I ended up spending about $800 on merchandise and the meet and greet, excluding the $416 for two nights in the hotel. I picked up some very cool DC merchandise at some of the booths and talked to comic artist and Eisner Award winner, Joe Staton who had a very cool Justice Society of America poster that I just had to have. I noticed his artwork had the DC copyright and trademark symbols and I asked if everyone at the comic con was supposed to get permission from DC, Marvel, or whoever owns the property before they can sell their works. He told me yes, they are supposed to. He said he even carries a letter from DC stating that he is allowed to sell his own artwork that has DC characters’ depictions. I paid him the thirty dollars that he wanted and made my leave after wishing him a great weekend. Then I met Terry Huddleston of Deviant.com who had an amazing Justice League poster that I had to have. Then he persuaded me to buy a Teen Titans poster to go with it.
At about 2:00pm I come across a vendor who was selling something very unique. He called it Scratchboard Art. He was also a writer with three books for sale; the Gridiron Conspiracy trilogy. His name is Christopher R. Paniccia. I asked about his art and he explained it to me how it was like the reverse of ink-to-paper, how this is taking a piece of black ceramic and scratching away until the white shows in the form of whatever you are trying to create.
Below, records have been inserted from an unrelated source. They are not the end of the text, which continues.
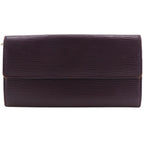 Louis Vuitton Portefeuille Sarah Epi Leather Cassis Purple Wallet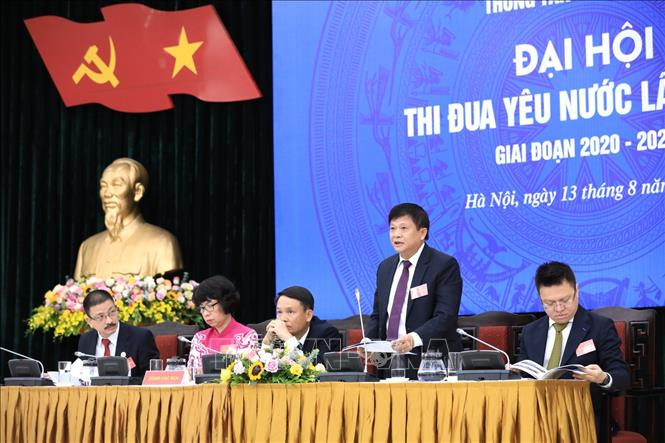 Trong ảnh: Phó Tổng Giám đốc TTXVN Đinh Đăng Quang phát biểu tại Đại hội. Ảnh: Thành Đạt - TTXVN

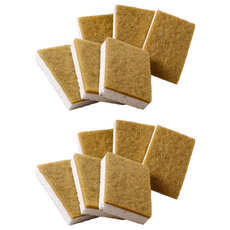 HIKARI 日光生活 劍麻纖維清潔海綿 雙層材質 有效清潔, 6片, 2組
We got to talking about the military because he had a Desert Storm Veteran hat, I told him thanks for his service and he told me about his time as a Pararescue Jumper in the Air Force, arguably the most difficult job in the military. He saw my press pass and asked if I had interviewed anyone yet. I told him I had to set that up in advance. He said no you don’t, you can interview me if you want. I said that would be really cool. We set up a time for the next morning, but that fell through, so I was able to interview him later at about 4:25PM. I thanked him after the interview and told him I would email him when I was done writing it and told him the twitter handle of GWW, the outlet that I represent so he could read it online when it’s posted.
After walking around with my wife, we came across a vendor who was selling some very interesting DC artwork. I bought a panoramic poster of Batman that was inspired by the Last Supper. I don’t know if this constitutes sacrilege or homage considering that I am a Christian. We decided to leave at 7:00PM and went to the Providence Mall where we ate dinner at the Cheesecake Factory.
The Rhode Island Comic Con was a little chaotic, but all in all, we had a great time. We are planning on going to the one next year as well as other cons and my wife mentioned how she wants to start doing reviews too.
Compared to all other comic cons we have been to, I give this con an 8 out of 10 stars for quality of guests, celebrities, vendors, and artists. I would have given it higher, but the security was not up to the standards that I would like to see, and the layout of the event was labyrinthian.